*** Opening of Data to process ***

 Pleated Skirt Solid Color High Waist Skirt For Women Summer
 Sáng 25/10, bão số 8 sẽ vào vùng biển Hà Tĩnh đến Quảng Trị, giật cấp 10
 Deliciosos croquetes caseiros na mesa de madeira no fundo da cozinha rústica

*** Close of Data to process ***
*** Opening of Data to process ***

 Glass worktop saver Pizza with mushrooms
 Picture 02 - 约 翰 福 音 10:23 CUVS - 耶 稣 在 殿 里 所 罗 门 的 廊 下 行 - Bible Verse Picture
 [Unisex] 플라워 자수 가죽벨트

*** Close of Data to process ***
*** Opening of Data to process ***

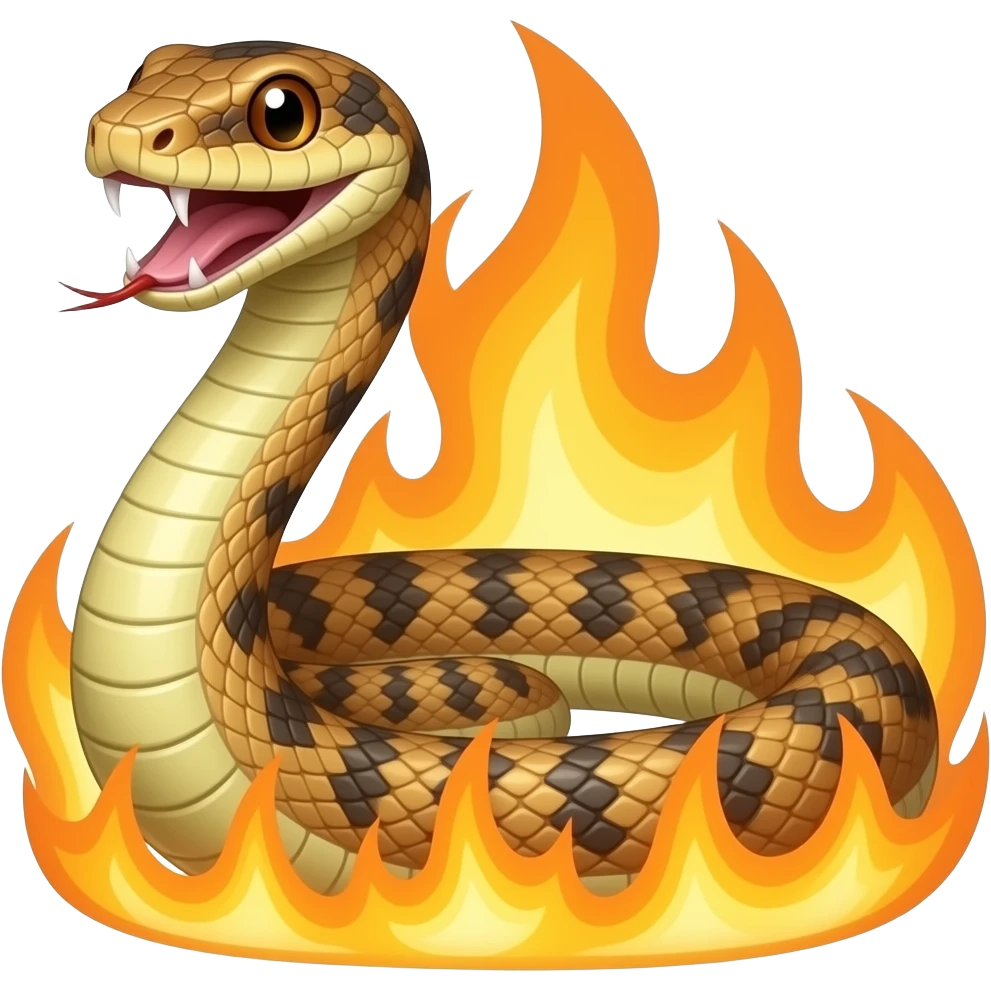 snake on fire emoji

*** Close of Data to process ***

Above are the entries. Copy exactly the part that opens with the line containing "Pleated Skirt Solid" and closes with the line containing "Deliciosos croquetes caseiros", and no more.

Answer box
 Pleated Skirt Solid Color High Waist Skirt For Women Summer
 Sáng 25/10, bão số 8 sẽ vào vùng biển Hà Tĩnh đến Quảng Trị, giật cấp 10
 Deliciosos croquetes caseiros na mesa de madeira no fundo da cozinha rústica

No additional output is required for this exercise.